* [Prompt] Look through the data below and, wherever a line carries the word "storage", please copy that line.

[Stored entries]
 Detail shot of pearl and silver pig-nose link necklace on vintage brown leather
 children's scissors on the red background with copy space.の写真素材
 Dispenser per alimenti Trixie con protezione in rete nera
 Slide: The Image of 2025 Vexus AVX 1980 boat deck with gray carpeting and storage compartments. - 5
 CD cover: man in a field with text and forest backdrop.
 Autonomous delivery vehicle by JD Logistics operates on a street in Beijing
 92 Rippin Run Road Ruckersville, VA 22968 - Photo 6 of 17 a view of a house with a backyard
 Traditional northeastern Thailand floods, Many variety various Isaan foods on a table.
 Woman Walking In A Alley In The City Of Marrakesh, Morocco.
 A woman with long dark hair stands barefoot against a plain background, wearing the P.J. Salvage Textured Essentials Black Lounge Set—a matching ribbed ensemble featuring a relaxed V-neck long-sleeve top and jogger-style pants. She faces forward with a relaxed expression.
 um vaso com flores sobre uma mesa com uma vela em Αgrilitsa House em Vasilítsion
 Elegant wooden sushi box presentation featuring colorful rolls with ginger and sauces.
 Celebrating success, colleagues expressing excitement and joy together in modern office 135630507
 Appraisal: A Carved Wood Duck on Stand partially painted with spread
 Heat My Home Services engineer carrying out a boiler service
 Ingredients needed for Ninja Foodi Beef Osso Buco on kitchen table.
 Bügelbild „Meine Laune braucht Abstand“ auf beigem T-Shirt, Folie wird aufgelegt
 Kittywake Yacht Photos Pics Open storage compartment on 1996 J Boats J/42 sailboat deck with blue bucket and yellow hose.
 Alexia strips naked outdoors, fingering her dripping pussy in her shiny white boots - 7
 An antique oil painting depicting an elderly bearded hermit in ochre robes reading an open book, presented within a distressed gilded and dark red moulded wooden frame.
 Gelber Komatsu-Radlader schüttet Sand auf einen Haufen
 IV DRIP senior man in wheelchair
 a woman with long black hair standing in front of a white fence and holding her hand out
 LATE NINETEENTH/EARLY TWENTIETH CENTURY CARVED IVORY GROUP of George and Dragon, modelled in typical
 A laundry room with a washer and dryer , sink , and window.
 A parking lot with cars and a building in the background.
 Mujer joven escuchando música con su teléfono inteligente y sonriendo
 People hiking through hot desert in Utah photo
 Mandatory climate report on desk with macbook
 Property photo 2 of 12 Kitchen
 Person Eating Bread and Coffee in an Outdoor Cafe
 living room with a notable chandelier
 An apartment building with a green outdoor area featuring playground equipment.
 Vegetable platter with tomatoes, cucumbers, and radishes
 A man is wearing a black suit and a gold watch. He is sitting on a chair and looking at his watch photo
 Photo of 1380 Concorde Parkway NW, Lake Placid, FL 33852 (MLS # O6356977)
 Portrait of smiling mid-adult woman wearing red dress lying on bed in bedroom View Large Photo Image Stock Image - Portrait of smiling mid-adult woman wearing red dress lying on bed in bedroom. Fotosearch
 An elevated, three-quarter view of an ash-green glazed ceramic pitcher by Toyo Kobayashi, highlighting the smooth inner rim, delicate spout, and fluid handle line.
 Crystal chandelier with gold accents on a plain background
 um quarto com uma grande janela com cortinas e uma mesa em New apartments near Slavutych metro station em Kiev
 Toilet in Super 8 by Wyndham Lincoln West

* [Result of this exercise]
 Slide: The Image of 2025 Vexus AVX 1980 boat deck with gray carpeting and storage compartments. - 5
 Kittywake Yacht Photos Pics Open storage compartment on 1996 J Boats J/42 sailboat deck with blue bucket and yellow hose.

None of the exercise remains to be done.